I think this example clarifies the situation. If your P(Apple develops a wearable computer over the next 2 years and this sells over 10x as well as the iPad has) = 10%, then you'd want to buy apple stock. In this sense, if you short Apple stock, you're committed to P(Apple develops a wearable computer over the next 2 years and this sells over 10x as well as the iPad has) < 10%. In this sense, you often can't get out of being committed to ranges of subjective probabilities.
The way you think about it, the cognitive procedure is more like: ask a bunch of questions, give answers to the questions, give weights to your question/answer pairs, make a decision as a result. You're "relying on an assumption" only if that assumption is your answer to one of the questions and you put a lot of weight on that question/answer pair. Since you just relied on the pair (How good is the CEO?, The CEO sucks), you didn't rely on a wild guess about P(Apple develops a wearable computer over the next 2 years and this sells over 10x as well as the iPad has). And, in this sense, you can often avoid being committed to subjective probabilities.
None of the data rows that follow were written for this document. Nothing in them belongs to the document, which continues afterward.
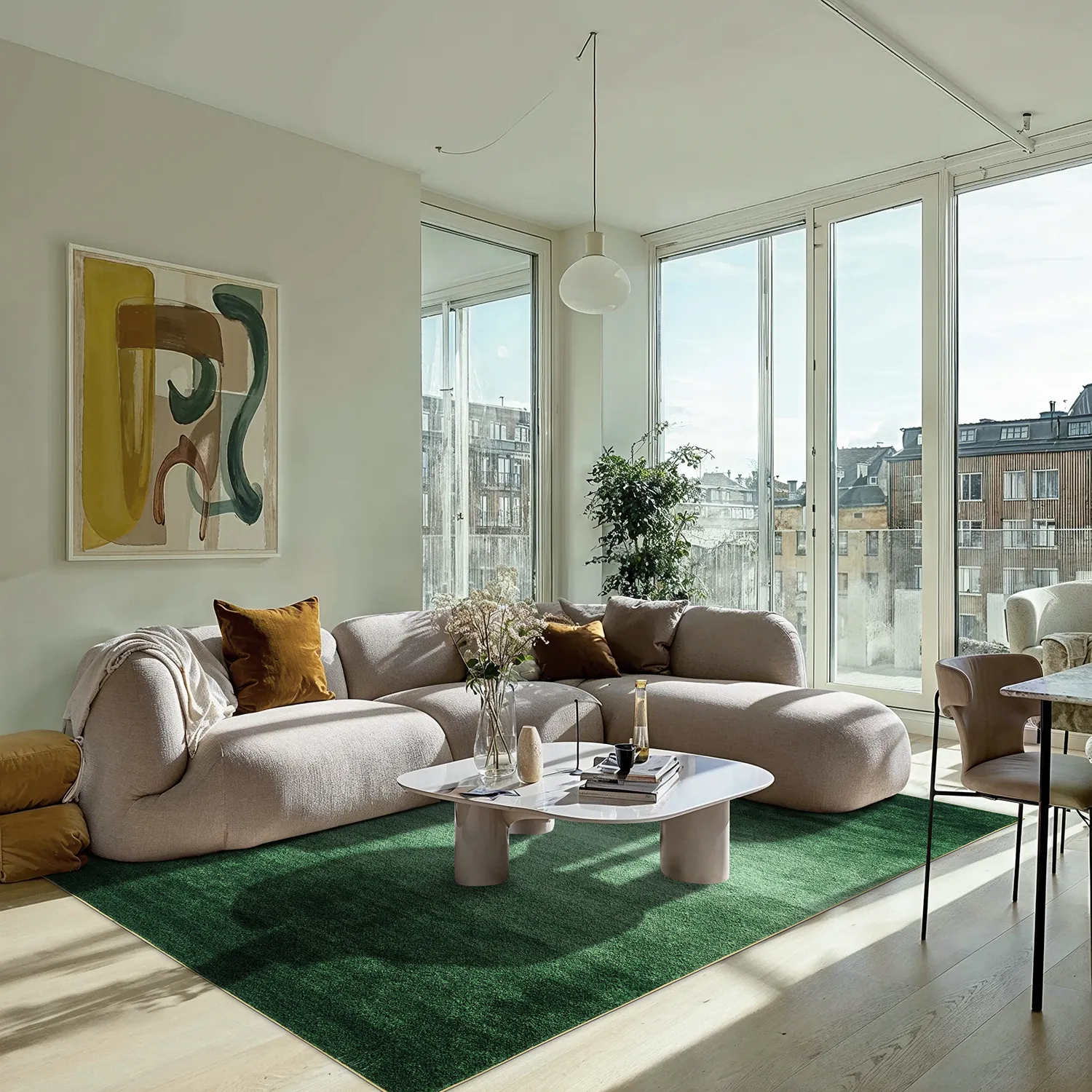 Wilton szőnyeg - Bacalar (sötétzöld)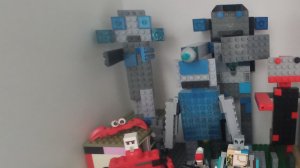 красные против синих из лего 5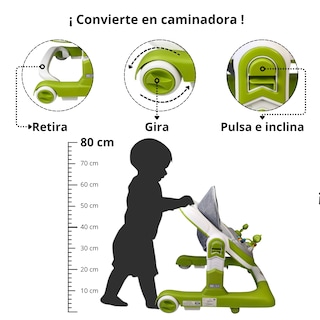 Foto 4 | Foto 4 | Andadera Caminadora 2 En 1 Con Luz Y Sonido Diseño De Changuito - Verde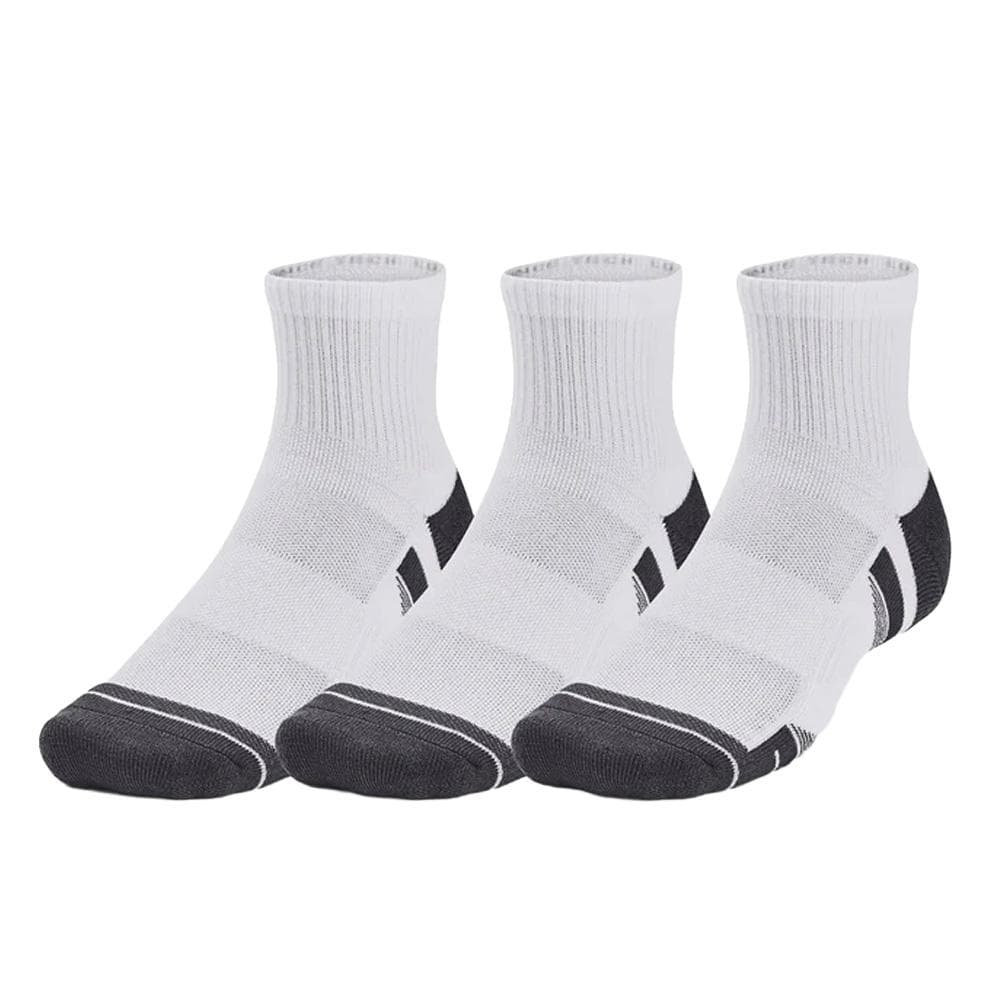 x3 Paires de Chaussettes Blanc Homme Under Armour Performance Tech 1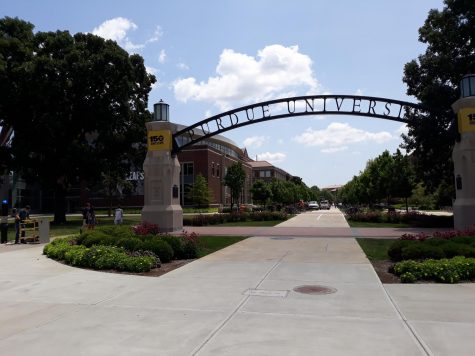 The entrance to Purdue University. 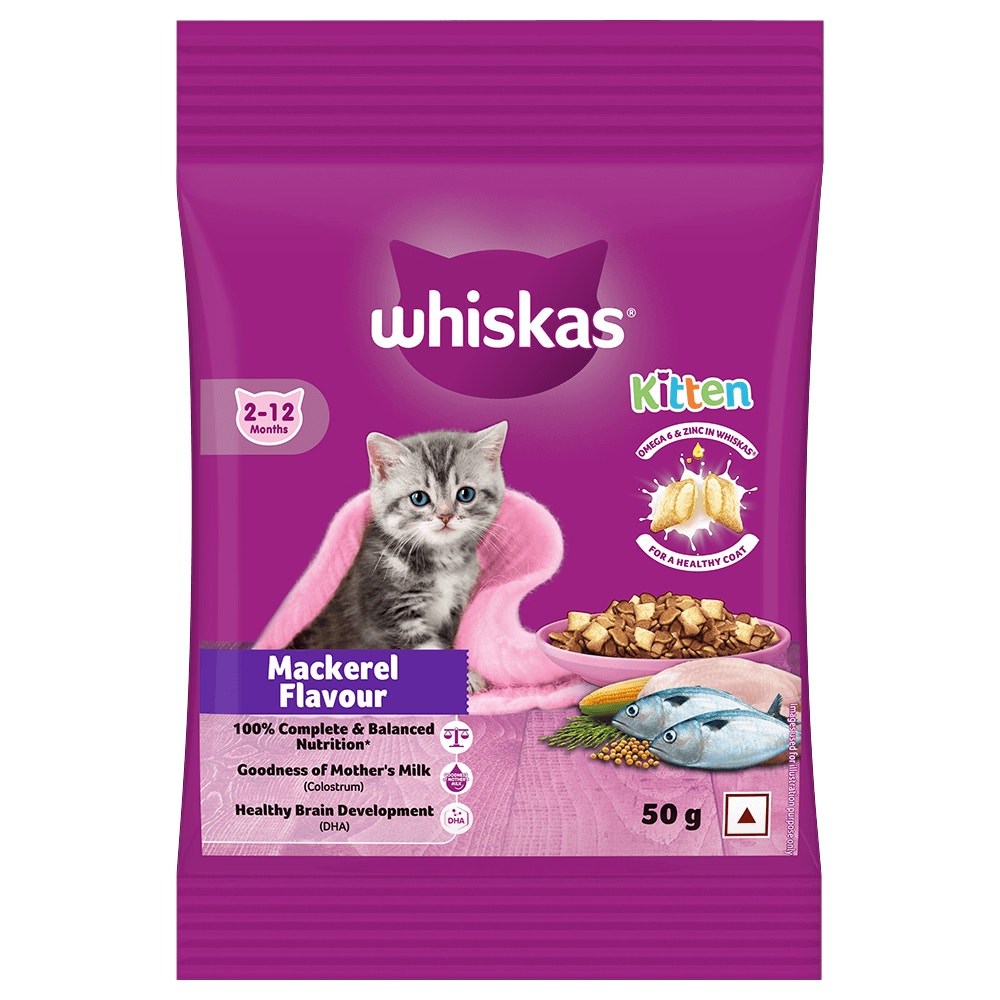 WHISKAS® Kitten Dry Food, Mackerel - 1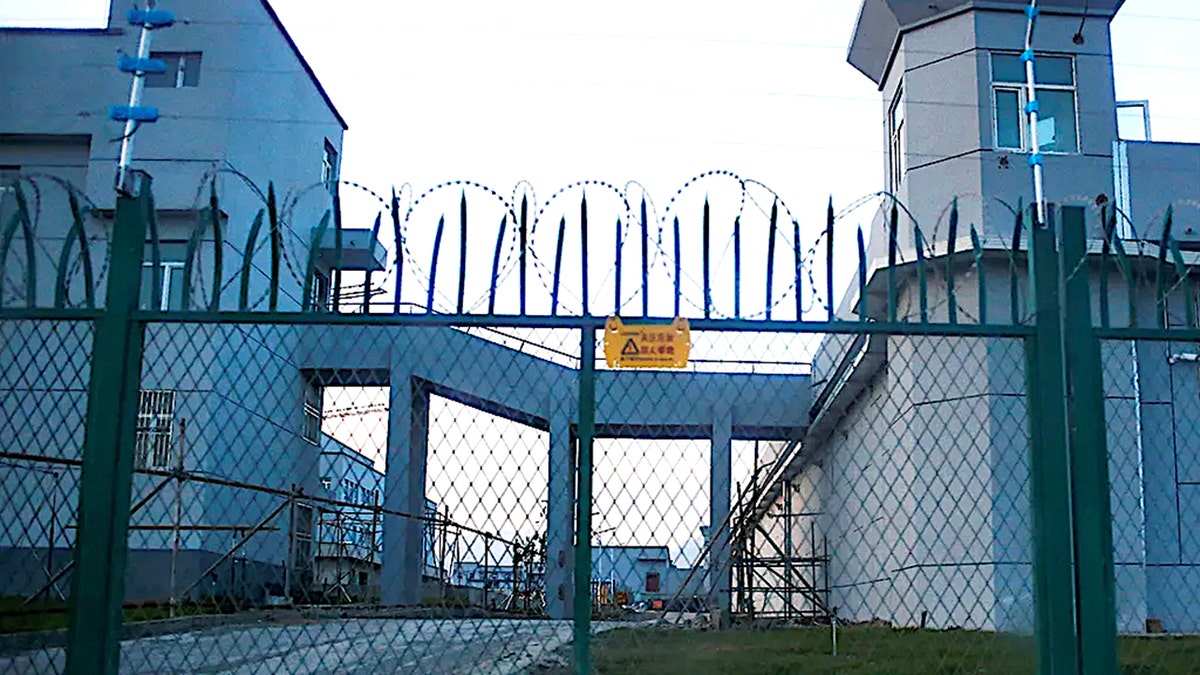 A Uyghur 're-education' camp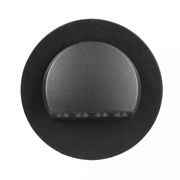 Zamel Светильник RUBI Чёрный/Тепл.бел. в монт.коробку, 230V AC с датчиком движения 09-226-62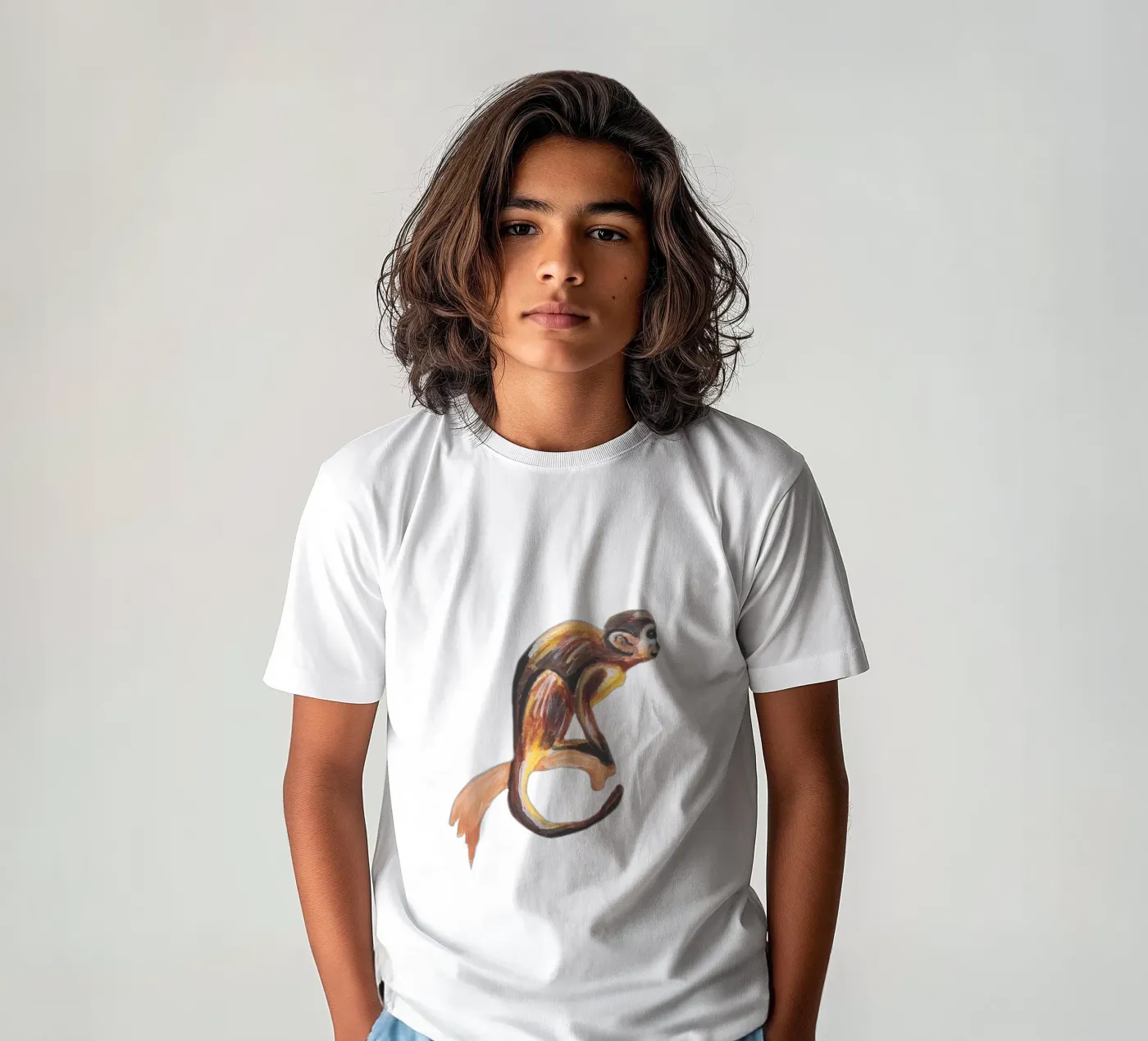 Monkey kids t-shirt by Femke Zwaan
When I first heard you say, "You're relying on a wild guess," my initial reaction was something like, "Holden is making the mistake of thinking that his actions don't commit him to ranges of subjective probabilities (in the first sense). It looks like he hasn't thought through the Bayesian perspective on this." I do think this is a real mistake that people make, though they may (often?) be operating more on the kind of basis you have described . I started thinking you had a more interesting perspective when, when I was pressing you on this point, you said something like, "I'm committed to whatever subjective probability I'm committed to on the basis of the decision that's an outcome of this cognitive procedure."
undefined @ 2014-08-18T13:06 (+3)
After thinking about this later, I noticed that one of my claims was wrong. I said:
> Though I’m not particularly excited about refuges, they might be a good test case. I think that if you had this 5N view, refuges would be obviously dumb but if you had the view that I defended in my dissertation then refuges would be interesting from a conceptual perspective.
But then I ran some numbers and this no longer seemed true. If you assumed a population of 10B, an N of 5, a cost of your refuge of $1B, that your risk of doom was 1%, and that your refuge could cut out a thousandth of that 1%, you get a cost per life-equivalent saved of $2000 (with much more favorable figures if you assume higher risk and/or higher refuge effectiveness). So a back-of-the-envelope calculation would suggest that, contrary to what I said, refuges would not be obviously dumb if you had the 5N view. (Link to back-of-envelope calc: https://docs.google.com/spreadsheets/d/1RRlj1sZpPJ8hr-KvMQy5R8NayA3a58EhLODXPu4NgRo/edit#gid=1176340950 .)
My best current guess is that building refuges wouldn't be this effective at reducing existential risk, but that was after I looked into the issue a bit. I was probably wrong to think that Holden's 5N heuristic would have ruled out refuges ex ante. (Link to other discussion of refuges: /ea/5r/improving_disaster_shelters_to_increase_the/ .)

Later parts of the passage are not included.